Could we make L2s RC-powered on HIVE ?

in HiveDevs3 months ago

As some of you might know, I'm (slowly) working on a collection of four semi-interrelated open source projects, two of them exclusively for HIVE and the third aimed eventually at the wider Web 3.0 and utility chain space (basicly any chain where long-usage keys are part of the core design), and I'm carefully contempating adding a fourth project. Carefully, because all of my projects are virtually unfunded and I need to use most of my time on activities that do help pay my bills, that for relationship status reasons, lets just say have been a bit higher than they should be.

Now my potential 4th project wouldn't be anything too complete, just complete enough to have some utility and to be a proof of concept post-quantum-ready L2 usefull enough for some of you guys to want to run a node, that demonstrates that two of my other projects are good enough to scale to actually build such a thing.

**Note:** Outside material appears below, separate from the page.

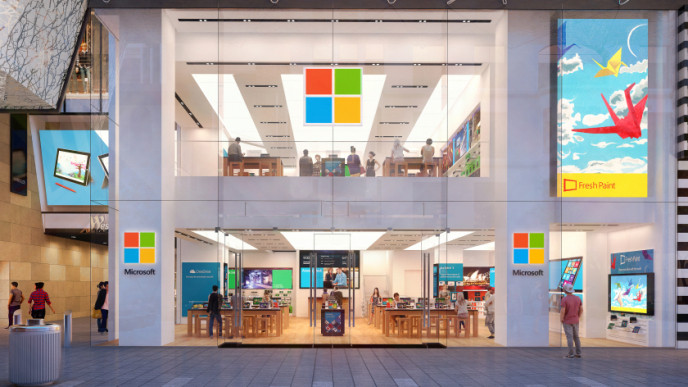 Microsoft To Close All It's Stores In Canada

One thing I ran in however when thinking about this potential L2 that currently only exists in my mind (a small-storage redundant least-authority file-system on top of the main HIVE chain with a possible minimal side-chain that maybe I can avoid if I think it through better).

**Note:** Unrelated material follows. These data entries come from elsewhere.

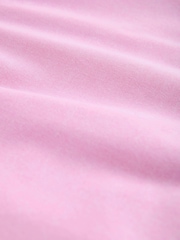 Pink Slim Fit Long Sleeve Oxford Shirt - Image 9 of 9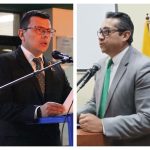 Renuncian el director del IESS de Azuay, Adrián Alvarado, y el gerente del Vicente Corral, José Arias.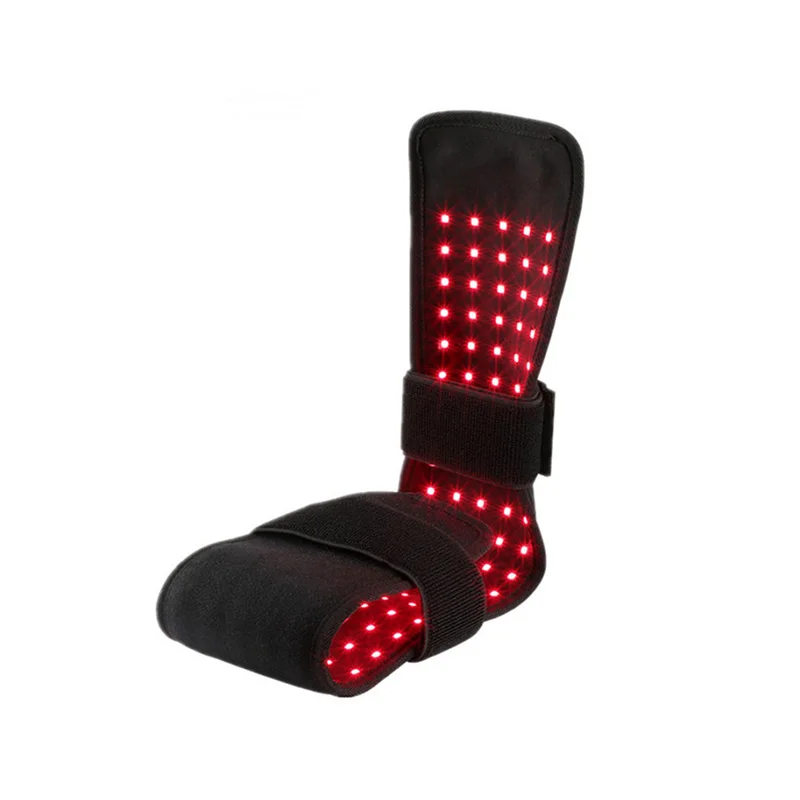 

multifunctional waist massage belt low back pain belt weight loss Red light therapy pad for feet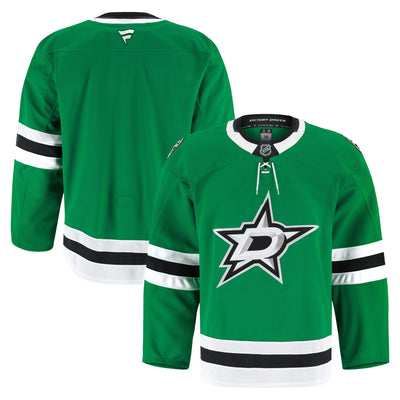 Dallas Stars Fanatics Kelly Green Home Authentic Pro Jersey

In my previous post I was sloppy with the terms L2 and side-chain and used them interchangably, thanks for pointing that out guys (m/f/...) I'll try to be more carefull in my wordings from now on. It's an important distinction because what I hope to discuss might make it much more viable to build an L2 without the intrincic need for a side-chain.

This post however isn't about any of my project, it's about incentive. That is, if I or any other software engineer builds and open sources an L2 for HIVE or any other chain for that matter, the 'because it's cool' incentive isn't likely to get many people tu run a node. L2's and side-chains tend to come with their own incentive model that in a way kind of clashes with the core philosophy of the main chain that since the introduction of Resource Credits has basicly been about the user experience that is stake driven, and under the hood has basicly been something of an RC driven economy when it comes to user interaction with the chain.

It thus feels to me there might be something missing. A built in pluggable RC link between L1 and L2.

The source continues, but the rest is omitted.